▶ _TASK GOAL_: Please take the records that follow and repeat exactly the lines starting with the line with "Picture 2 of 4" and going on through the line with "Deluxe King Room in Bobby Hotel".

▶ _GIVEN ENTRIES_:
+ + + + + + +

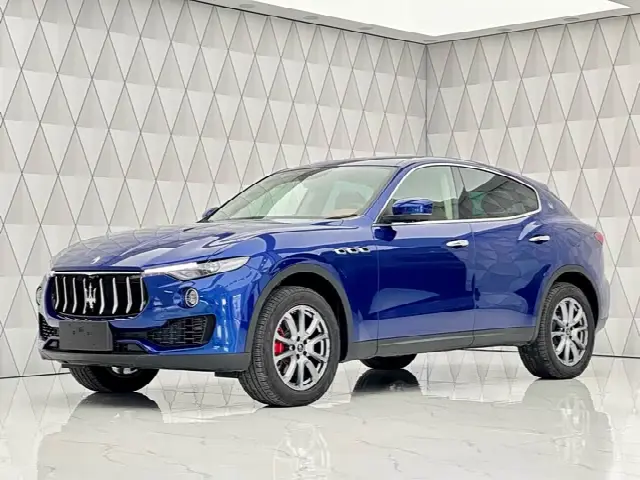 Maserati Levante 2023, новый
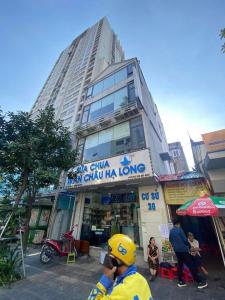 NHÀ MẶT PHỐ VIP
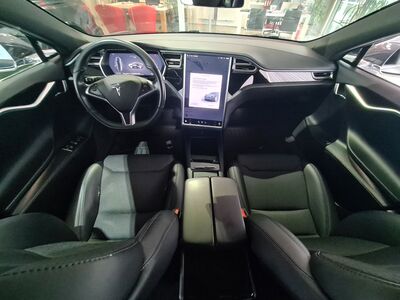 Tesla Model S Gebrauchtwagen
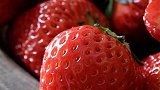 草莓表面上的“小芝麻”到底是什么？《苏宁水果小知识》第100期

+ + + + + + +

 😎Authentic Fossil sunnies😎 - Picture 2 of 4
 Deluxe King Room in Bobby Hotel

+ + + + + + +

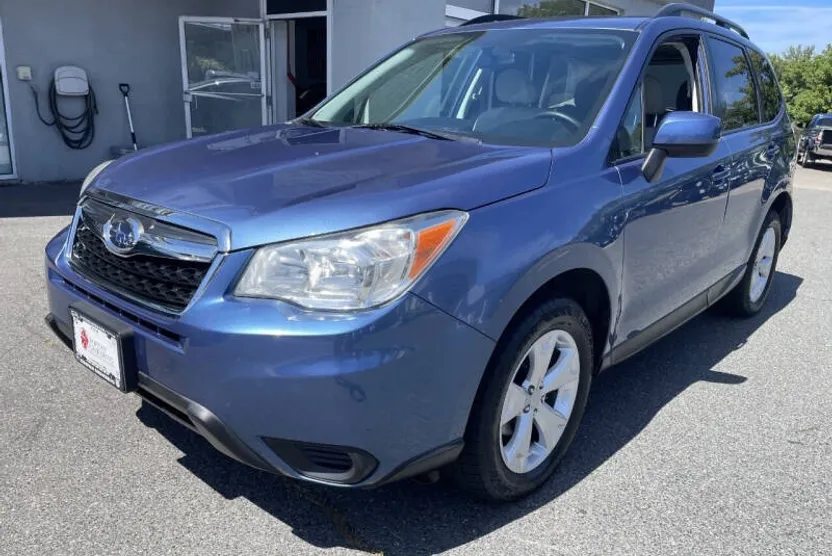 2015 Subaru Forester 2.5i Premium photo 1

+ + + + + + +

▶ _RESULT_:
 😎Authentic Fossil sunnies😎 - Picture 2 of 4
 Deluxe King Room in Bobby Hotel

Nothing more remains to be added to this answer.